United States District Court, D. Connecticut

August 8, 2017

CHRISTINE CONROY, et al., Plaintiffs,
DAVID A. CARON, et al., Defendants.


          Jeffrey Alker Meyer, United States District Judge

         On a summer day in August 2012, two Glastonbury police officers were investigating an anonymous tip that a high school student was engaged in drug dealing. In the course of their investigation, the officers entered the empty attached garage of the Conroy family residence. The police did not have permission or a warrant. They claim to have entered the garage in order to knock on a door inside the garage that led to the interior of the house. The officers' entry into the garage set in motion a chain of events that included the forcible arrest of the student, the issuance of a search warrant, a subsequent search of the house, and the later arrests of several members of the family, mostly on charges that were later dropped.

         Following these events, Christine Conroy and three of her children filed this federal lawsuit against the Town of Glastonbury and a number of individual officers. Defendants have moved for summary judgment on all counts. I conclude that triable issues of fact remain for the core claims in this case. Genuine fact issues remain about whether several officers violated the Fourth Amendment and whether they are entitled at this time to qualified immunity. Genuine fact issues also remain as to plaintiffs' state law tort claims and state constitutional claims. On the other hand, I will grant summary judgment for defendants on plaintiffs' Fourteenth and Eighth Amendment claims, their Monell claim against the Town of Glastonbury, their official- capacity claims, and their claims against various peripheral defendants in this case.


         In light of the standards governing defendants' motion for summary judgment, the following facts are set forth on the basis of the parties' submissions and as viewed in the light most favorable to plaintiffs. Plaintiff Christine Conroy lives in Glastonbury, Connecticut, with her three children, Lauren, Martin, and minor P.C.-all plaintiffs in this case. In August 2012, when Martin was 17 years old, defendant David Goncalves (a Glastonbury police officer who was acting in his role as part of the Eastern Central Narcotics Task Force) was investigating Martin, because Martin was suspected of dealing drugs to other high school students. The investigation led to two encounters with the Conroy family at their residence, the first occurring on August 22, 2012. The August 22 encounter prompted the issuance of a search warrant, which police executed on September 5, 2012. That search, in turn, prompted criminal charges against several members of the family. Because plaintiffs allege multiple violations of their state and federal constitutional rights based on the events of August and September 2012, it is necessary to describe these events in some detail.

         Around noon on August 22, 2012, Goncalves was surveilling plaintiffs' home. He contends that he was acting on two anonymous tips that he had received regarding possible drug sales occurring at the house. From his vantage point somewhere off plaintiffs' property, he could see that there was a three-bay garage attached to the Conroy home. He allegedly observed three young people hanging out inside the garage; he claims he could see inside the garage through the open middle garage door.

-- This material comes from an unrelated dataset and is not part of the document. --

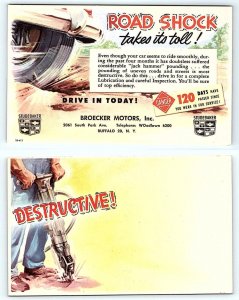 BUFFALO, New York NY ~ Car Advertising BROEKER MOTORS Studebaker Postcard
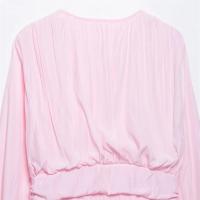 Vestido línea A con mangas largas estilo trompeta dulce PB&ZA2025, decoración floral tridimensional, para mujer, ideal para días festivos. - details 9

         Goncalves then called defendant Michael Furlong, a fellow Glastonbury police officer, to assist him in his investigation. Goncalves left plaintiffs' neighborhood and met Furlong at the Manchester fire station. The two officers then returned and parked their cars in front of the Conroy home. They decided to approach the house for further investigation. Although the Conroy house has a front door, they bypassed the front door, walking “up and around” to the garage area instead. Doc. #66-8 at 12.

         The officers entered the garage through the middle garage door. Although the parties agree that the middle garage door was open in part and that the other two garage doors on either side of the middle door were fully closed, they dispute how much the middle garage door was open. Defendants claim that it was open at least halfway, and Goncalves testified that he was able to walk under the open door “without doing anything more than lowering [his] head.” Doc. #66-7 at 6. In contrast, Christine Conroy testified that when she stopped by the house to drop off 11-year-old P.C. about an hour before the officers arrived, she observed the middle garage door much closer to the ground. See Doc. #75-5 at 9-10 (explaining that when Christine pulled up in the driveway, the middle garage door was open to “cat length, ” and that she then watched P.C., who was just over four feet in height, partially lift the garage door, stoop to get inside, and pull the door down behind him); Doc. #75-23 at 10 (P.C. entered house around 11:20 am and pulled garage door down to “cat height” once he was inside).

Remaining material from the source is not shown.